Live In New York (Clean Feed)


Released July 12, 2016

DownBeat Four-and-a-Half-Star Review




On Cortex second release with Clean Feed Records you’ll find them again in the best context possible: in concert. Considering that the band works in the tradition pioneered by Ornette Coleman, this concert recording has a special significance, because it took place in the world capital of jazz, New York.
The approach may be somewhat European, but the music registered here seemed (and seems) at home. Critics wrote at the occasion that Cortex is walking the same routes where we can find John Zorn’s Masada. This means the music is energetic and robust, with a frenetic rhythm section and a trumpet / sax frontline very exact when delivering unisons and counterpoints and free in the improvised solos. The music is simultaneously heavy and agile, flowing as a bird of prey in open air, and defying gravity. A must have, must listen!

Track Listing:

1. Higgs (Thomas Johansson) 07:55

2. Fall (Thomas Johansson) 07:04

3. Ghost March/Ahead (Thomas Johansson) 20:25


Thomas Johansson: trumpet

Kristoffer Alberts: alto saxophone, tenor saxophone

Ola Høyer: bass

Gard Nilssen: drums

Recorded live September 18, 2015, at IBeam, Brooklyn, by Randy Thaler

Mixed by Ingar Hunskaar

Mastered by Fridtjof Lindemann and Ingar Hunskaar

Produced by Cortex

Executive Production by Pedro Costa for Trem Azul

Design by Travassos


Global warming is a reality, folks, and it’s melting the lingering notion that Scandinavian jazz is a chilly thing. This young Norwegian quartet plays music rooted in the first generation of free-jazz with a collective combustion that could liquefy snowdrifts. The compositions on this live CD, which were penned by trumpeter Thomas Johansson, display the stop-start structures of Ornette Coleman’s Atlantic recordings. If you harbor affection for that music, you might be glad to hear some of its virtues embraced by people who were born 20 years after it was made. Still, the combo isn’t reviving anything.

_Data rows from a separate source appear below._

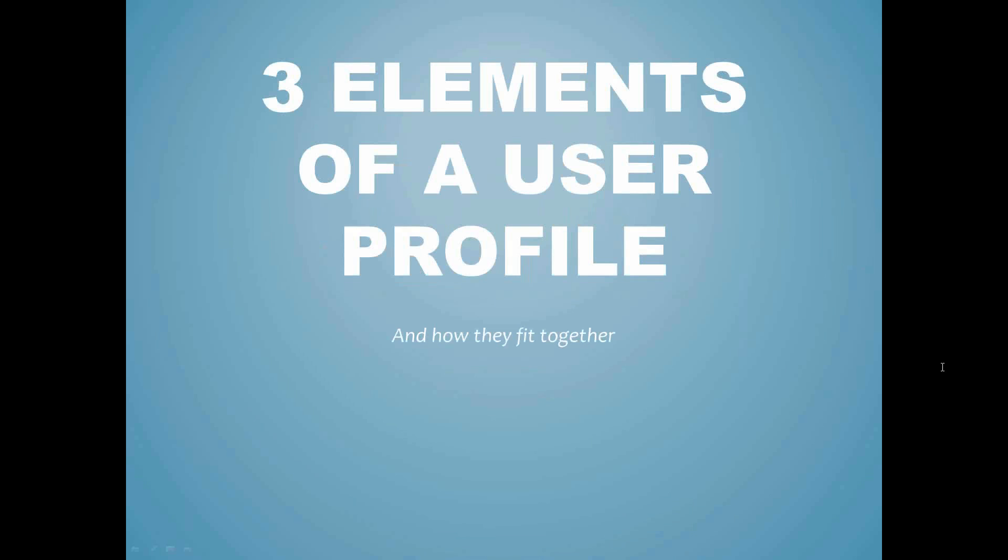Greetings, everyone. I'm Rex Lewis, and on behalf of HTH Engineering, Inc., I'd like to welcome you to today's webinar. Today's topic is the three elements of a user profile and how they fit together. So let's get started.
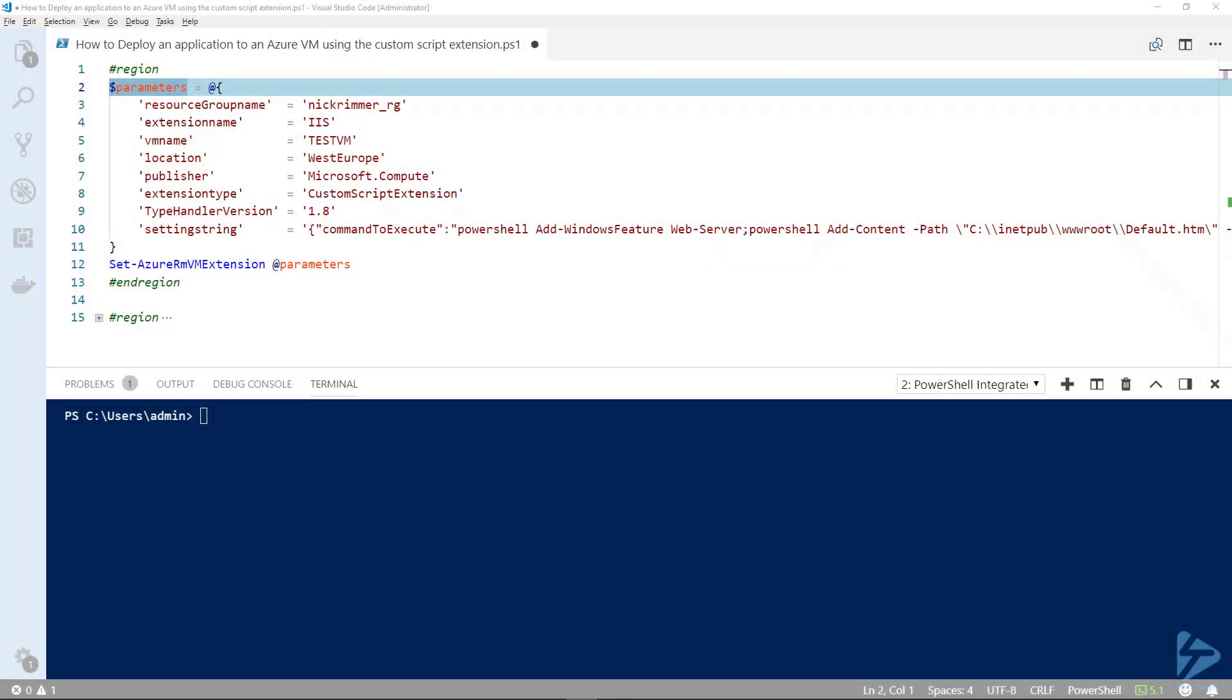Using the custom script extension, we're going to do a bit of automation here. We're going to add the IIS role web server role to a VM and also amend a file called default.htm and add the hostname into that.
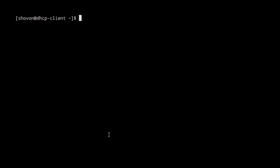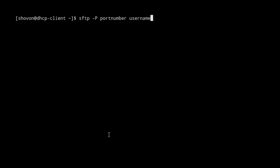By default, SFTP uses port 22. Some servers may configure the SSH server to run on a different port for security. If that's the case for you, you can specify a different port with: sftp -P <port_number> username@hostname or IP address.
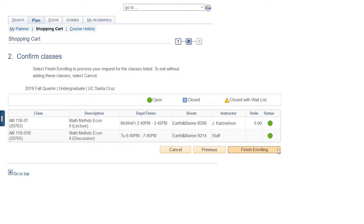Please note that permission numbers do not override time conflicts or unit limits, so pay attention that you are not enrolling in more than your allotted units and the class does not conflict with anything else that you are enrolled in.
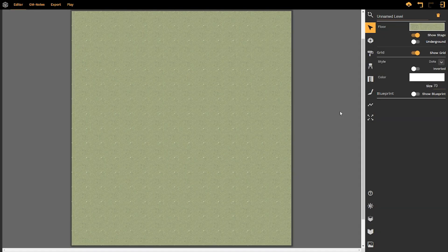Ladies and gentlemen, welcome back to DungeonFog again, and in this video I'm going to be showing you how to use the Blueprint tool.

For a start, everyone else in the band has a personal approach to his instrument that references sources outside Coleman’s bands. Saxophonist Kristoffer Alberts shuttles easily between alto and tenor here, displaying on both a burly tone and wood-chipping attack that amp up the intensity, but also a fluency that makes his solos worth following from start to end. Drummer Gard Nilssen lashes his cymbals and toms as though he were auditioning for another remake of Ben-Hur, and he breaks things up with bass-drum bombs that would make Tony Williams and Jack DeJohnette smile with recognition. But he never loses control of the music’s pace. Bassist Ola Høyer’s pulsing lines are not only propulsive but also buoyant; he is responsible for moments when “Ghost March/Ahead,” the epic performance that takes up over half of this album, seems to glide just above the earth. The combo shows how it is possible to survey and digest decades of musical precedent and come up with something that feels lived rather than studied.